The future of marketing on Google devices is Now. The search giant held its annual developers conference today, providing a look at the future of its mobile operating system, the next iteration of what is tentatively called M—the next letter in the alphabet after the current OS, Lollipop.
At Google I/O, there were plenty of new features for developers and marketers to consider with an upgrade to Google Now, the hub of user activity that manages calendars, commutes, reservations and other daily tasks by integrating with apps.
Google is taking all the user habits it can learn, making suggestions and offering immediate choices like which restaurants to visit, reminders and offerings.
"This is the future of how we interact," said Michael Facemire, a principal analyst at Forrester. "It could come off as a little scary, or it can come off as very convenient."
In addition to the Google Now update, there were new features enabling offline use of Maps and YouTube, and there was a new operating system—Brillo, for the Internet of Things—that connects homes, cars and screens.
Here's what marketers should look for:
Google Now on Tap
On Tap was the biggest improvement to Google Now. It's all about deeper integration of the service with the rest of Google. Google Now on Tap is immediately accessible when consumers are on the Web or in apps. The service also deep-links directly into apps, right to the spot users need, without having to navigate from the homepage. There are no ads yet in Google Now, but Facemire said they are not hard to imagine.
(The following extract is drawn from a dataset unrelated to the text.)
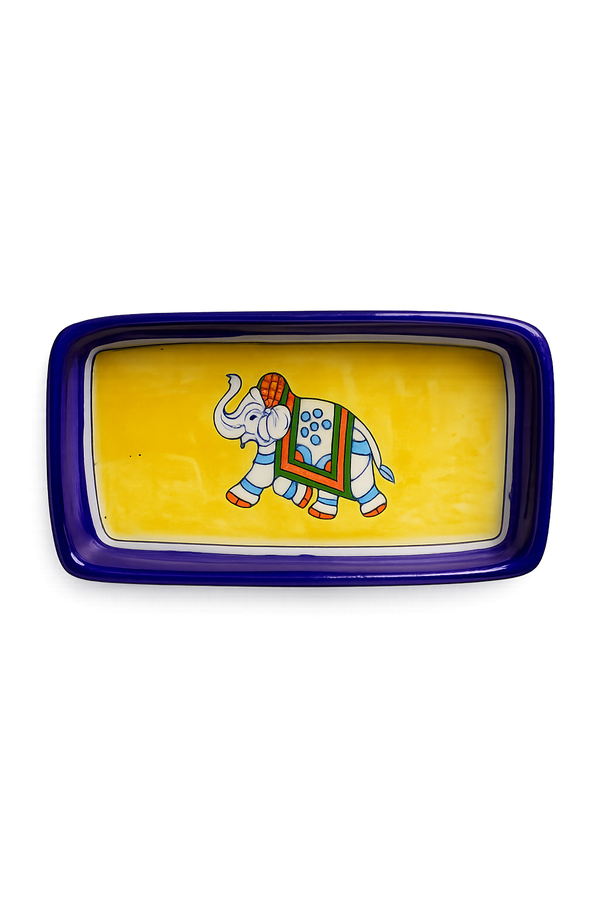 Royal Elephant Tray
"It could be awfully similar to how you can bid for ad space on search pages," he said.
For instance, if a person is asking Google Now for a pizza or for a retailer, promoted options could be served up, as well.
"Google can set up an environment so that there can be an auction," Facemire said. "Brands could get their content to the top of that list."
Another small but helpful new offering from Google involved notifications, which are among the most important ways apps and brands get their messages to users. Google Cloud Messaging, the system for managing push notifications, gives developers one place from which to send their messages to any contact, whether that user is on a Google or an Apple device.
"Before today you had to use two sets of pipes," Facemire said. It should be interesting to see how Apple responds to Google's attempts to insert itself into this process on iPhones, Facemire said.
Notifications are increasingly important for getting users back to apps and engaging with services, according to Urban Airship, a digital marketing firm that specializes in targeting pop-up messages based on the location and interests of users.
The more targeted the notifications, the more likely users are to appreciate them. To that end, Google also is giving apps the capability to customize notifications based on topics users say they want to hear about—and avoid sending ones that don't interest them.
Google is doing more with app-install ads, introducing Universal App Campaigns that run through AdWords. This hub is a one-stop shop, mostly for smaller developers and advertising newcomers, to run app ads all over Google—Search, Play Store, YouTube and more.
This was discussed before Google I/O at the Code Conference put on by re/code. Google's chief business officer Omid Kordestani said shopping ads that appear in search and offer a direct line to inventory will feature a buy button. It's an important link for retailers that are finding success with shopping ads but need a hook to close the sale.